More midwives, beds to deal with 2 million extra babies
CHINESE hospitals will be required to add more beds and recruit more midwives to cope with an expected baby boom as a result of the country relaxing its one-child policy.
The National Health and Family Planning Commission (NHFPC) will introduce measures to boost the capacity of health institutions to handle an expected annual increase of 2 million babies, Zhang Shikun, director of the commission’s maternal and child health service bureau said at a press conference yesterday.
China loosened its decades-long one-child population policy in a key decision of the Communist Party of China issued last November. The new policy allows couples to have two children if one of them is an only child.

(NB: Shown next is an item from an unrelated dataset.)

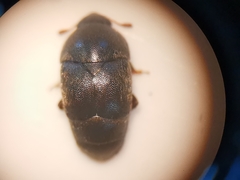 Brachypterolus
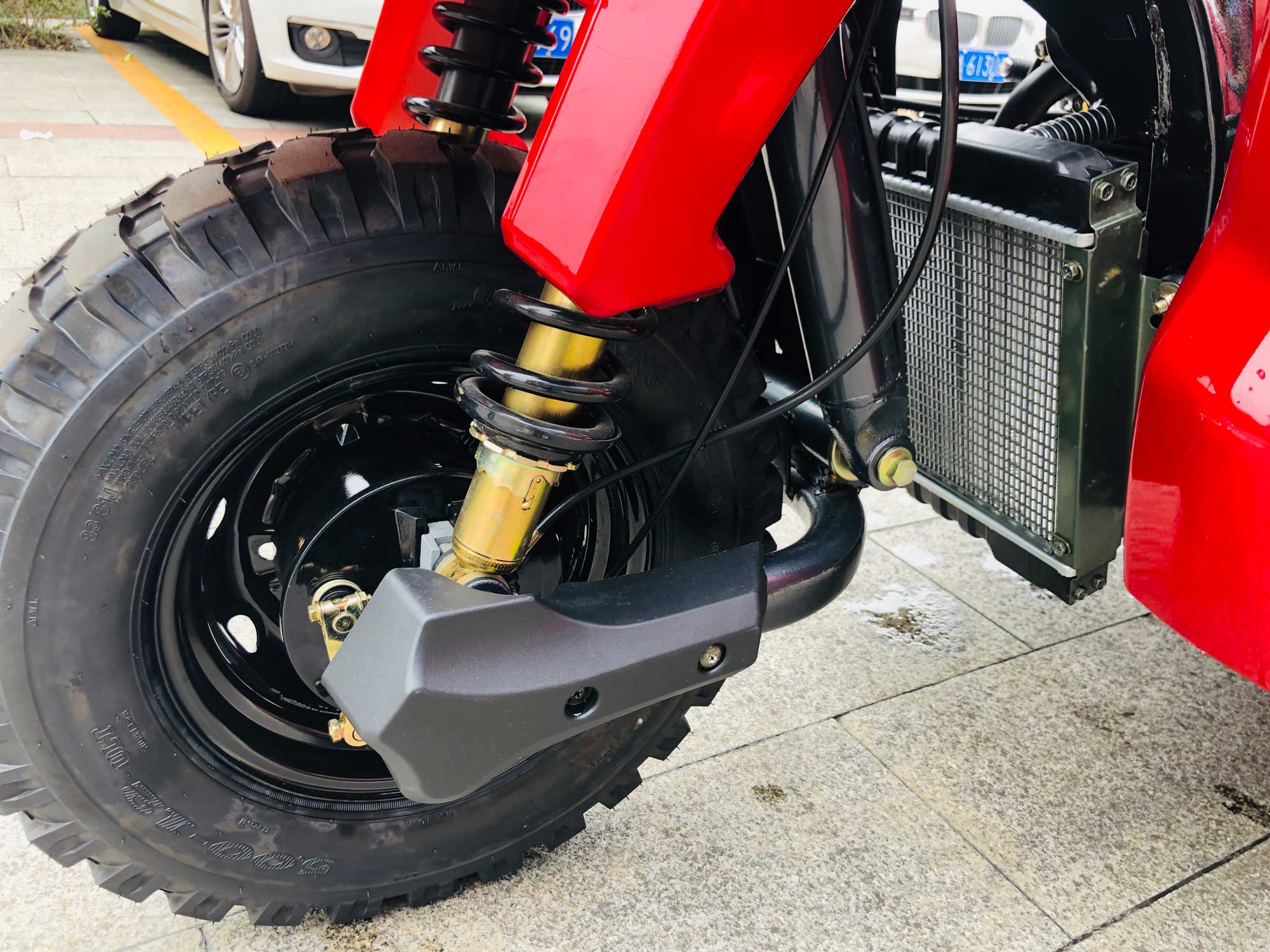 DAYANG 2021 Model Motorized Tricycle 250 CC Gasoline Cargo Tricycle RUITENG Red 28 A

The shortage of beds is universal, NHFPC vice minister Wang Guoqiang said yesterday, citing the findings of a tour of grassroots communities he made.
The NHFPC will urge local authorities to build more health institutes for women and children and ask hospitals to offer better services and recruit more midwives, said Zhang.
Other NHFPC initiatives include stricter controls on situations in which women are offered Cesarean delivery, increased advocacy for breast-feeding and the prevention and treatment of birth defects, Zhang said.
The figure of 2 million additional births a year is at the top end forecasts based on the relaxation of the policy, said experts.
Some say the number might be lower due to the growing acceptance in China of smaller families.
The new policy has taken effect in Beijing, Shanghai, Tianjin and Chongqing, and the provinces of Zhejiang, Jiangxi, Anhui, Sichuan, Guangdong and Jiangsu and Ningxia Hui Autonomous Region.
Yesterday, north China’s Shanxi Province also relaxed its family planning policy in accordance with the Party decision, the local legislature said.
Shanxi expects to see an additional 189,600 to 238,000 babies by the end of 2020, according to an official with the provincial health and family planning commission.